East Asia’s Rise to Tennis Prominence

As the 2011 installment of the French open came to a conclusion, there were three stories that captured people's attention. One of which was Roger Federer proving that he isn't over the hill just yet, as he ended the 43-match winning streak of Novak Djokovic. Another story was Rafael Nadal capturing his sixth Roland Garros title, equalling Bjorn Borg's record. Yet the story that may well have a more lasting impact was that of Li Na's victory in the women's final against Francesa Schiavone.

Li became the first-ever Chinese player to win a major title and talk has begun as to whether China will eventually become a tennis powerhouse. The journey for Li herself has been a long one given that she is 29-years-old and she only reached her first slam final earlier this year at the Australian Open. Her journey to the top has been somewhat fragmented because of injuries and taking some time out in order to complete a journalism course at university.

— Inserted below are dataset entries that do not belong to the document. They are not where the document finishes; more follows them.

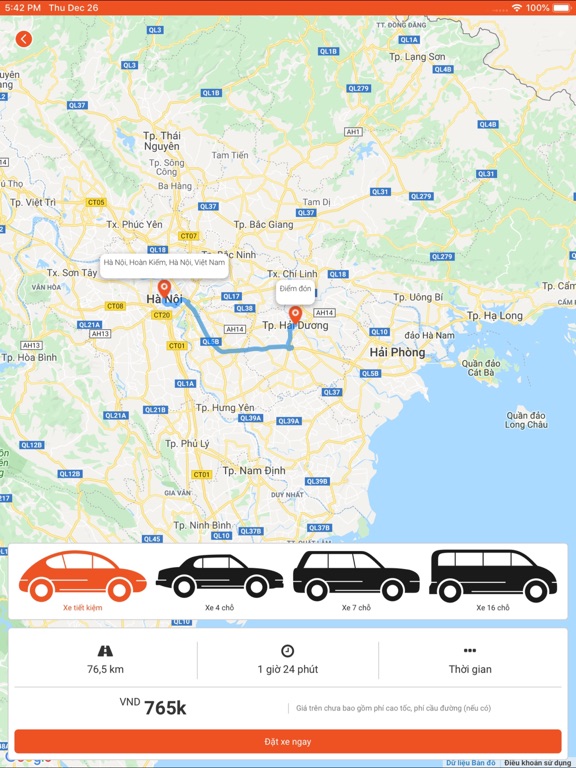 Screenshot #6 pour TaxiNow - Khách hàng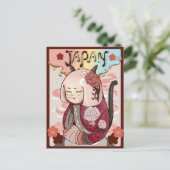 Cute Japan Briefkaart (Staand voorkant)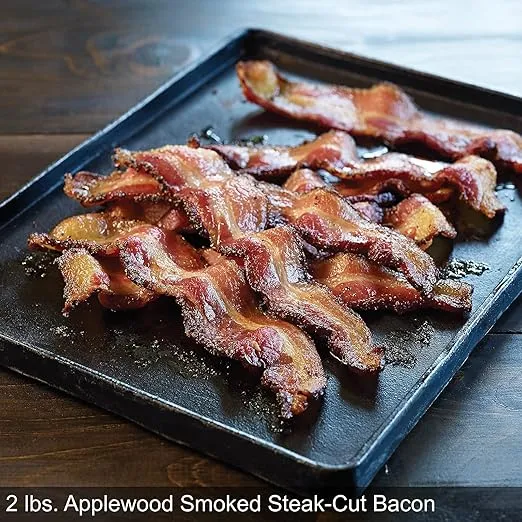 Omaha Steaks Deluxe Brunch for 8 (Applewood Smoked Steak-Cut Bacon, Pork Breakfast Sausages, Individual Scalloped Potatoes, Triple Berry Tartlets, Caramel Apple Tartlets)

Li isn't the only Chinese that has been making in-roads in the women's game. China currently has four players in the top 100, including Li, who has moved up to No. 4. Elsewhere, there is Shuai Peng, ranked No. 20, who despite never having won a singles tournament other than winning gold at the 2010 Asian Games, is having her best year to date. Shuai Zhang occupies No. 76, whilst Zheng Jie is No. 80, though Zheng has been a semifinalist at Wimbledon and the Australian Open, as well as winning doubles titles at both of those events with her compatriot, Yan Zi.

The Chinese men, however, aren't doing quite so well. Their highest ranked player is Yan Bai at No. 348.

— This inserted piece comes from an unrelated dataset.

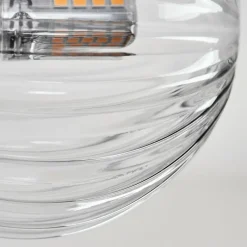 hofstein Plafonnier - Verre 10 cm Chehalis Clair, 8 lumières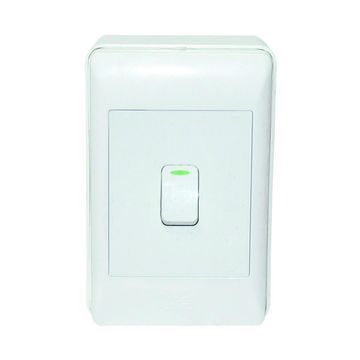 Wall switch ACDC white 1 lever 1 way 2x4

Perhaps the effect Li's win will have in China is overstated, but it's hard to believe that out of the 1.3 billion Chinese people, not one was inspired to go and hit a tennis ball after witnessing Li make history.

China's rise in tennis is by no means an isolated occurrence in the world of "western" sport. East Asian nations have been making waves in sport for a few years now. In 2002, Japan and South Korea hosted the FIFA World Cup and South Korea finished in fourth place at that tournament. In golf, South Korea's K.J. Choi is a perennial challenger in major tournaments and his fellow countryman, Y.E. Yang, became the first Asian player to win a major when he won the 2009 PGA Championship.

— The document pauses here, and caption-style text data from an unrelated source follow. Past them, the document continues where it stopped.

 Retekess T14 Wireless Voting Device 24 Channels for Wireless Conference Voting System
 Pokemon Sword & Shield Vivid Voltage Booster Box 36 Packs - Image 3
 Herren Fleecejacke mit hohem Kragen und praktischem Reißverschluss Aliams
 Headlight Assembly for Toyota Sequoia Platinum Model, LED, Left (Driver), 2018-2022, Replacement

East Asians have long been at the top of most cue sports, such as 9-ball pool, but now numerous Chinese players are breaking through and winning some of snooker's top tournaments. In fact, snooker is now so popular in China that it now hosts one of the very few ranking tournaments on the snooker calendar.

One thing that immediately leaps to mind when thinking about East Asian sportspeople is their work ethic. Soccer teams like South Korea, North Korea, and Japan are all organized outfits that will run for the full 90 minutes. This mentality may be demonstrated best in Ji-Sung Park, a midfielder at Manchester United. It is also a trait that is obviously present in Li. To continually strive to better yourself, even at an age when most players' careers take a downward trajectory, speaks volumes about her personality and desire to work. Her work ethic is also clear on court, as she is a battler that rarely gives up on a ball.

Besides work ethic, they also appear to be mentally strong, thus they rarely get flustered or collapse under the pressure. K.J. Choi tends to quietly go about his business with par after par and whilst he hasn't won a major title, it's not because he has choked, rather his opponents have just been that little bit better.

It's hard to say whether China, or indeed East Asia, will take the tennis world by storm, but the necessary tools are in place and even if this is as good as it gets for China, then they have a lot to be proud of. Li is just what the women's game needs right now. In a game dominated by power-hitting with very little thought, Li is a breath of fresh air with her variety of shots and great personality, which comes to the fore in post-match interviews. She may not shape the future of tennis, but she has certainly shaped the present and for that, we are grateful.

Comments and Conversation

June 14, 2011

Mert Ertunga:

Very informative Luke. Strange about the gap between Chinese women and men’s success on the Tour.